ONE of Ireland's leading paediatricians has warned that children will die if the state's new 'super' children's hospital is built on the Mater site in Dublin where air traffic control restrictions mean emergency helicopters will not be able to land.

"Some children will either be dead or brain damaged by the time they reach the hospital, " Dr Sean J Fennell told the Sunday Tribune.

"If you have a seriously premature baby, or a child with a serious head injury, you really need tertiary care and you need it fast.

"The longer it takes to transport the child to the new hospital, the more damage will be done. Some of the children I have accompanied to hospital in the past would have been dead if we hadn't had a helicopter. It is absolutely essential."

The hospital cannot have a helipad because of its proximity to Mountjoy prison. It is the latest problem to emerge since health services boss Professor Brendan Drumm controversially decided to locate the new national children's hospital at the Mater site . . . in Taoiseach Bertie Ahern's constituency Fennell has worked in hospitals throughout the US, Canada and Germany, and said that the decision on the Mater site . . . backed by the Health Service Executive (HSE) and approved by the cabinet last week . . . should be reversed if helicopter access cannot be guaranteed.

"It's a basic service of any modern hospital, especially one serving the entire country, " he said.

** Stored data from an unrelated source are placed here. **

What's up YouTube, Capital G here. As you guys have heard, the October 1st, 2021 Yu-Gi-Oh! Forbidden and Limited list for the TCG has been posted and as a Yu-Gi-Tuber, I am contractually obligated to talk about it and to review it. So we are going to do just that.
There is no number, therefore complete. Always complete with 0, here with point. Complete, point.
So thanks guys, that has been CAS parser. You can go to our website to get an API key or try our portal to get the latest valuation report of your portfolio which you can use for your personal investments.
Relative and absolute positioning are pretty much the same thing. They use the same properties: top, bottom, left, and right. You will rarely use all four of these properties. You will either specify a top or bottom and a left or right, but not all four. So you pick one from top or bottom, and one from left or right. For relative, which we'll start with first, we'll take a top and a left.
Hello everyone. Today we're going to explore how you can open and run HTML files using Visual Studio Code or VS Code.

"It's like suggesting a hospital without electricity, or locks on the doors. It's just stupid."

A storm of criticism has followed the Mater decision with opposition parties accusing Drumm of succumbing to political pressure.

Fine Gael health spokesman Liam Twomey said that transporting patients by helicopter was the future of medicine, and that a helipad was a crucial service for the new hospital.

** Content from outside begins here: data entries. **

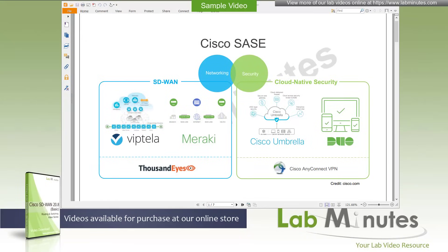Welcome to LabMiz.com and our lab video series on Cisco SD-WAN 20.8. This is Matha, your instructor for this video series. For a complete list of SD-WAN videos, you can visit our website under the Routing Switching section. There you can also sign up for our newsletters to receive the latest video updates.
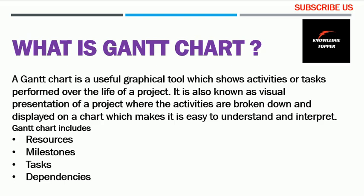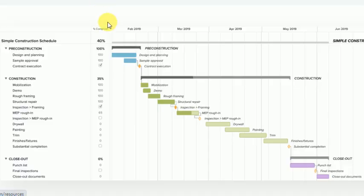Essentially, a Gantt chart helps you effectively manage your project — letting you know what resources are needed at which point, what the next task is, how much of your project milestone is accomplished, and helping you minimize dependencies and hurdles. It prevents your project from being affected both physically and financially. This is the most important purpose behind a Gantt chart: it helps you manage your project effectively and efficiently.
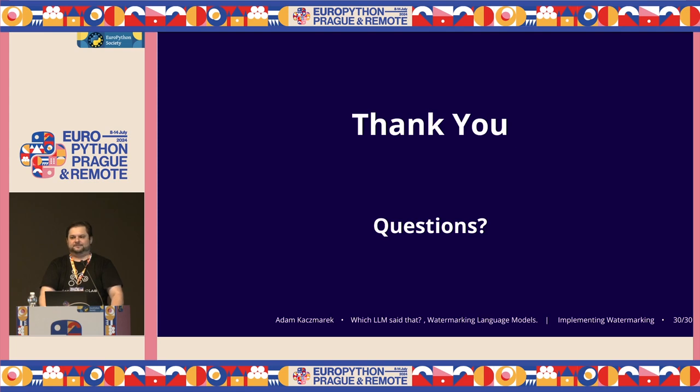I think that's all from me. Thank you for listening, and if you have any questions, I'll be more than happy to answer.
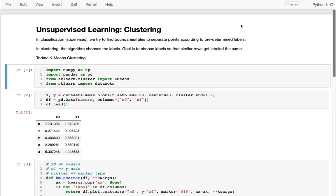In clustering we might similarly have a scatter of data, or the multi-dimensional equivalent, but the difference is that there are no pre-existing labels on the data — that's what makes this an unsupervised learning problem. The algorithm itself gets to choose the labels. There are a million ways to apply labels to a dataset, but our goal is to choose labels that group similar data together, and there are ways to measure that.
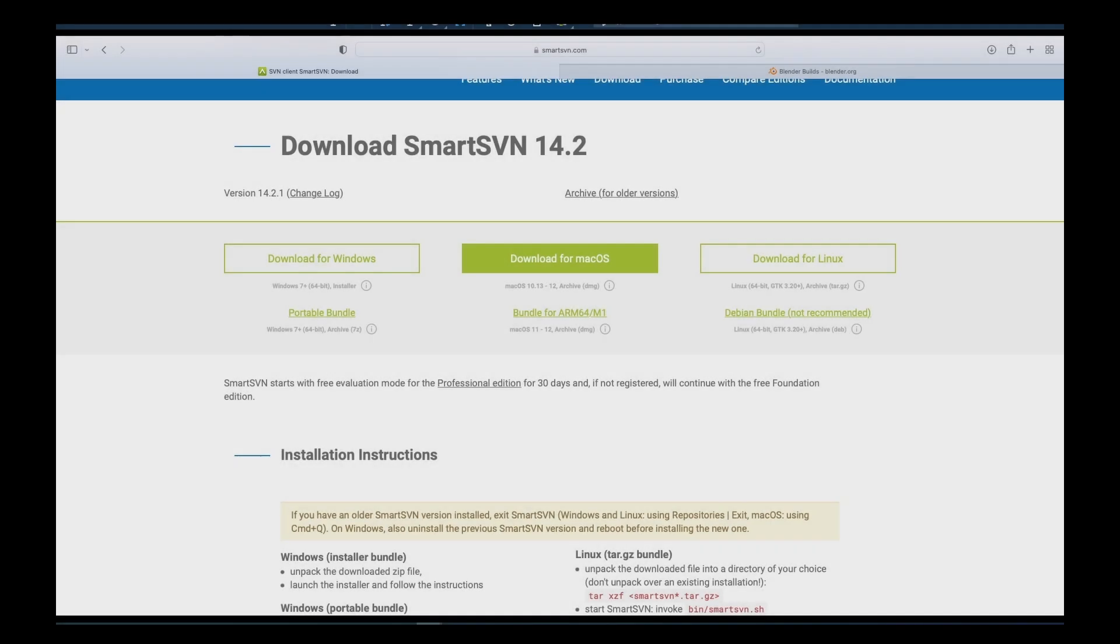All right, now we're going to want to install Subversion on the Mac. You're going to want to go to the web address below and download the bundle for the ARM 64M1 optimized Smart SVN bundle and download that.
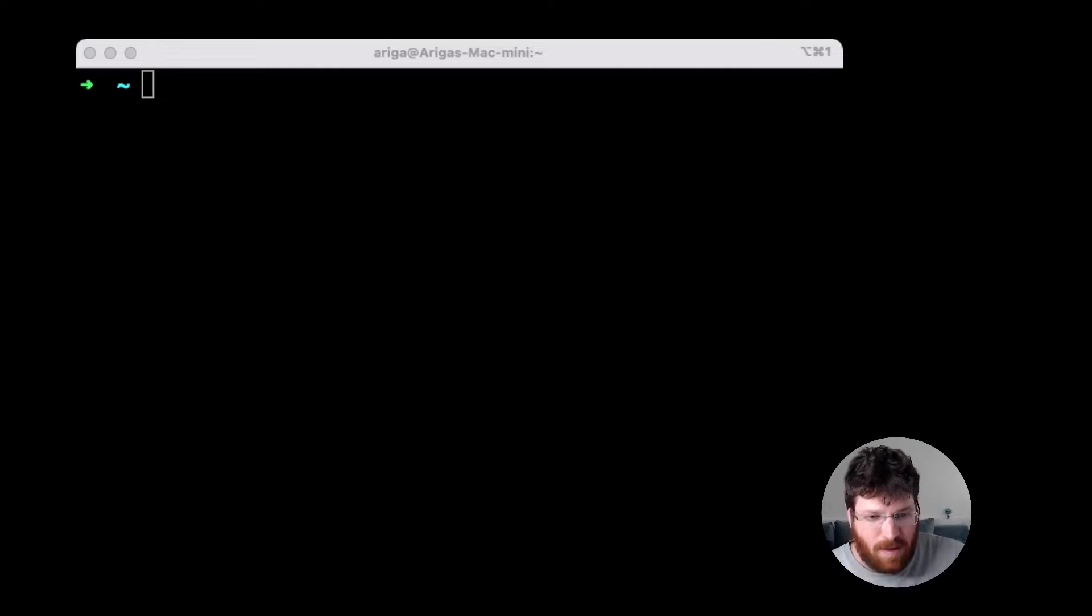Hi everyone, my name is Rotem. In this video, I'm going to show you Atlas, an open source database schema management tool that we're building at Arriga, and how you can use it to manage your database schema.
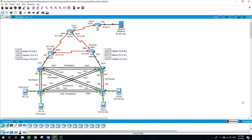You will also configure sub-interfaces to communicate with the switches. You will configure inter-VLAN routing with RIP version 2, OSPF, default route, and static route.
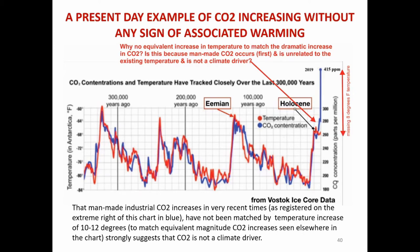A present-day example of carbon dioxide increasing without any sign of associated warming. Why is there no equivalent increase in temperature to match the dramatic increase in CO2 at the right-hand margin of this diagram? Is this because man-made CO2 occurs first and is unrelated to existing temperature and is not a climate driver? That man-made industrial CO2 increases in very recent times have not been matched by temperature increases of 10 to 12 degrees — to match the equivalent magnitude CO2 increases seen elsewhere in the chart — strongly suggests that CO2 is not a climate driver.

"There shouldn't be any politics in this, " he said. "Being able to build a hospital quickly cannot be the biggest priority. I want to see justification for the process. We abolished the health boards to get politics out of health. If it now turns out that politics is still playing a part in such huge decisions as this, then we must question the role of the HSE."

Drumm has publicly denied that there was any political influence.

Since Drumm's appointment 10 months ago as CEO of the HSE, the health service has been plagued with controversy, with Liam Doran general secretary of the Irish Nurses' Organisation this weekend telling the Sunday Tribune that "no one knows who's in charge".

Two of Dublin's hospitals have also expressed serious concern. In a letter to the Minister for Health, Crumlin hospital said the decision was based on "an incomplete and superficial analysis of only some of the criteria set out in the McKinsey Report".